How Food Styling Is Done

A series of videos shows the visual fakery that food stylists sometimes use to make fast food actually look appetizing.

Although food styling has a reputation of exploiting appetites with visual trickery, the truth is that it’s actually more honest than you think. While shady techniques such as using mashed potatoes in place of ice cream, or putting marbles at the bottom of a bowl of Campbell’s Soup to float all the noodles to the top were common in the 1970s, things have changed in recent years. A combination of new laws against false advertising, and greater public literacy in food photography–thanks to apps like Pinterest and Instagram–means that the food styling trade has evolved to be a lot more honest.


But that’s mostly just in America.
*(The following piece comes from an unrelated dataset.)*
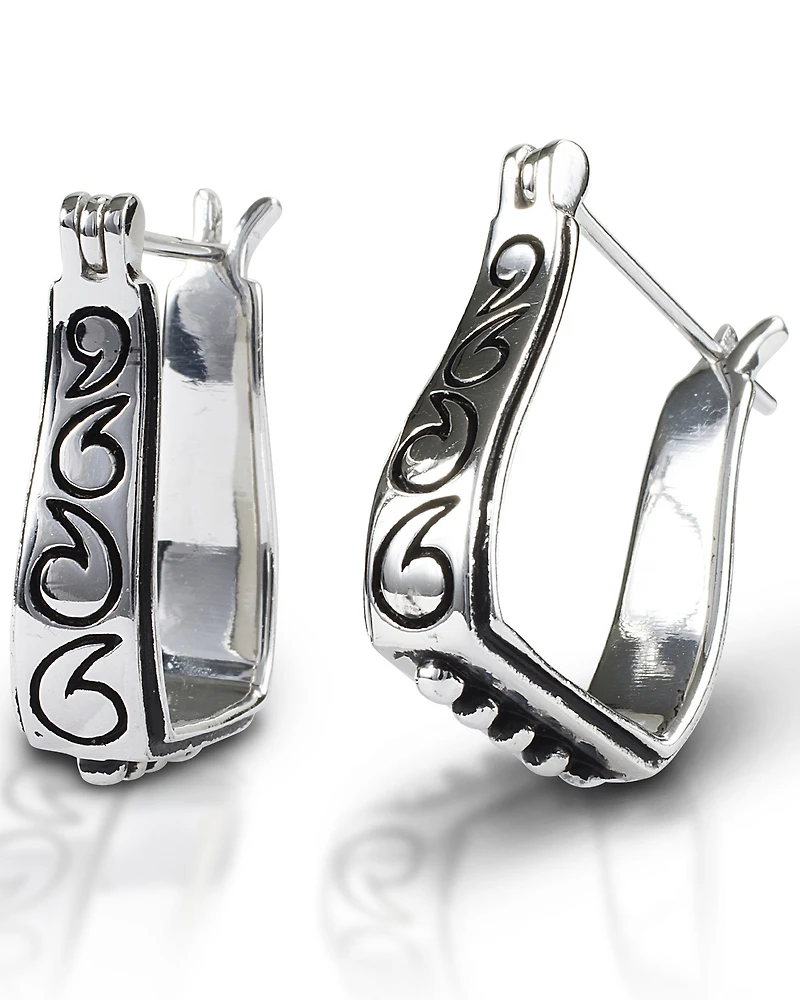 Kelly Herd Women's Engraved Stirrup Earrings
In other places in the world, food styling is still the same as it ever was: wildly misleading, and often featuring a completely different “food” than what a stylist is actually supposed to be taking pictures of.

Minhky Lee is a videographer, graphic designer, and illustrator based out of Sydney, Australia. With a background in commercial films, Lee knows how companies out of Australia, Malaysia, and Indonesia make the food in their ads look so appetizing, and has uploaded a series of videos to Vimeo showing the actual versus the artificial when it comes to how commercial food photography is done.

Lee’s videos highlight a good mixture of classic food styling tricks, some of which have largely been phased out in the United States (using a combination of frosting and flour instead of ice cream, for example), and some of which are sadly still in use (hiding cotton balls inside a burger to make it appear less squashed).

There’s other gray area techniques on display here, like using pins to hold tomatoes and lettuce in place, or frosting the glass holding a soft drink with face cream and glycerine to make it look more cool and refreshing. Even if all these techniques aren’t still widely in play here in the States, it’s a fascinating look at how food styling is still done in many parts of the world.